I know that the KDE project has Plasma Mobile, which gives us both a desktop
environment and many key graphical applications. However, I am not sure if much
has been done to support it in Gentoo's packaging and I would like to hear about
this:

http://www.youtube.com/watch?v=auuQA0Q8qpM

I realize that it is difficult to convey the sort of information that one wants
on an open ended topic such as this, so I will try to lead by example by talking
about filesystem options. First off, Linaro has some good summary:

https://wiki.linaro.org/Flash%20memory

Their summary consists entirely of log-based filesystems and CoW filesystems.

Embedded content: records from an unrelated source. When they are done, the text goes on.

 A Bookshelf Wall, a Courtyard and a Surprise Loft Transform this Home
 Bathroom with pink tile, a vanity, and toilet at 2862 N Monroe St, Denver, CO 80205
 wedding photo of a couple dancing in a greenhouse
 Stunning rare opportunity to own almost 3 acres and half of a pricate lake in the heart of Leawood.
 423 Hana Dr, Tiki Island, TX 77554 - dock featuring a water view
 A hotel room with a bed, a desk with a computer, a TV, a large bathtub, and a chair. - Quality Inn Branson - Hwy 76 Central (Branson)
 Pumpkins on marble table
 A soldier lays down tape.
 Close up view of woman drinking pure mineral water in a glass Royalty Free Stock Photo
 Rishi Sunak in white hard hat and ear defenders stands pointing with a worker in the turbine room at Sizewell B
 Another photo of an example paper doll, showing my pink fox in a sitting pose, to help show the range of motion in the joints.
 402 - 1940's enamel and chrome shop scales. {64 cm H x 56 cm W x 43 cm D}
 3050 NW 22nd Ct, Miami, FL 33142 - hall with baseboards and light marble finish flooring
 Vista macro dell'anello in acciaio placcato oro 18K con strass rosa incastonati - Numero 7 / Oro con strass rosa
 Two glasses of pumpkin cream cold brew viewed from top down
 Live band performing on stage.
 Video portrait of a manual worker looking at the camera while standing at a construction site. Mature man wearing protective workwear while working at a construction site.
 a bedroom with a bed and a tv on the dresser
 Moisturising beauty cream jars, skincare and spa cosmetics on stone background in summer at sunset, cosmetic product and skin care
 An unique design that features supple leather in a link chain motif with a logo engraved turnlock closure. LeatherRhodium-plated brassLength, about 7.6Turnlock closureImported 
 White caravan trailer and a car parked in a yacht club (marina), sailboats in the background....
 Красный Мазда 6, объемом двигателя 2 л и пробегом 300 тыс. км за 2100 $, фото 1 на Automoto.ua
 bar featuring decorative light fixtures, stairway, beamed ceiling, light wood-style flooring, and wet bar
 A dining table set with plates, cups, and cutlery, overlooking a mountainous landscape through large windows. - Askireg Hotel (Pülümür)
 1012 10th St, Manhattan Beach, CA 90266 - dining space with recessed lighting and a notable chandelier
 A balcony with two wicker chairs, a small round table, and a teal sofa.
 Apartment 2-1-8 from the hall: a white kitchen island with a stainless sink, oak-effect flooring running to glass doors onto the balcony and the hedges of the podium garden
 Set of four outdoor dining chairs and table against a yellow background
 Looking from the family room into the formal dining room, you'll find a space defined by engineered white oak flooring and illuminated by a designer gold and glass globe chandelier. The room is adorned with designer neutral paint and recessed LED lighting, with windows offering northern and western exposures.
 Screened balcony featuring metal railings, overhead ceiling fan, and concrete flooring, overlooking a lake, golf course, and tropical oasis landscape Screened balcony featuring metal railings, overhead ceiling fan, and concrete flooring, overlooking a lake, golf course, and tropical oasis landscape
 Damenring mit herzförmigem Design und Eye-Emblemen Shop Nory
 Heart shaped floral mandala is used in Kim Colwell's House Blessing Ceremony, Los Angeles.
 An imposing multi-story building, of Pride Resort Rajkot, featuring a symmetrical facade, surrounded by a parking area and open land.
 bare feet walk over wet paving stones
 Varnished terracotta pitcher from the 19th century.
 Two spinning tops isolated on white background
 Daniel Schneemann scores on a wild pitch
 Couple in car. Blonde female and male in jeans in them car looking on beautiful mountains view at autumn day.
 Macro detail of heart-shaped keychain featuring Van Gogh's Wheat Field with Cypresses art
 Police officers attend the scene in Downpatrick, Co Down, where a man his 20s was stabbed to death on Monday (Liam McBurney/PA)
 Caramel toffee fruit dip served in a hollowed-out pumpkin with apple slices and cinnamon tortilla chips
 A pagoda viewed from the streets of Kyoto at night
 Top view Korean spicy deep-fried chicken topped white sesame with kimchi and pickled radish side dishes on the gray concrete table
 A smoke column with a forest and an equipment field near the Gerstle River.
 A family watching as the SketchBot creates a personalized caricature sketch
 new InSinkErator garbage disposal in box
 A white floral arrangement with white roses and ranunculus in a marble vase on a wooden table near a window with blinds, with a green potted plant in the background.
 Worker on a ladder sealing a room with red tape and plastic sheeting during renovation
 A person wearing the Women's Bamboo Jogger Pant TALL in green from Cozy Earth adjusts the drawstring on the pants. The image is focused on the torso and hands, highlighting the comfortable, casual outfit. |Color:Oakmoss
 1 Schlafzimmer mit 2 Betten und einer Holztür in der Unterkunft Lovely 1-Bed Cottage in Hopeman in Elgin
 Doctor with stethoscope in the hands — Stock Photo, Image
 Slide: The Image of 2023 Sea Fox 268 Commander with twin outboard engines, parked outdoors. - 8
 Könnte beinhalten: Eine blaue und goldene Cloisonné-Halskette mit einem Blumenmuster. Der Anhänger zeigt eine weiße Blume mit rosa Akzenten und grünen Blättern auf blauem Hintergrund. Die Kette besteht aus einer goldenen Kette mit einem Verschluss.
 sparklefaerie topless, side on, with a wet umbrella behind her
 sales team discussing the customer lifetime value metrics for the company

It
omits in-place filesystems such as ext4 and XFS. In-place filesystems really
should not be appropriate for a phone or tablet because they are not designed to
gracefully recover from unclean unmounts caused by kernel panics or power loss
(e.g. dead battery, battery removal), although Android uses ext4 anyway.

A notable exception from Linaro's list that I happen to maintain in the tree is
the ZFSOnLinux driver. ZFS has many attributes that are desireable for phones,
such as easy backup through incremental send/recv (easy on bandwidth and battery
life), the ability to detect corrupt data (flash is not perfect), LZ4
compression (better throughput/latencies and less flash is need to store the
amount data) and ARC for a better cache hit rate when your working set exceeds
the amount of memory you have for cache (always true on phones).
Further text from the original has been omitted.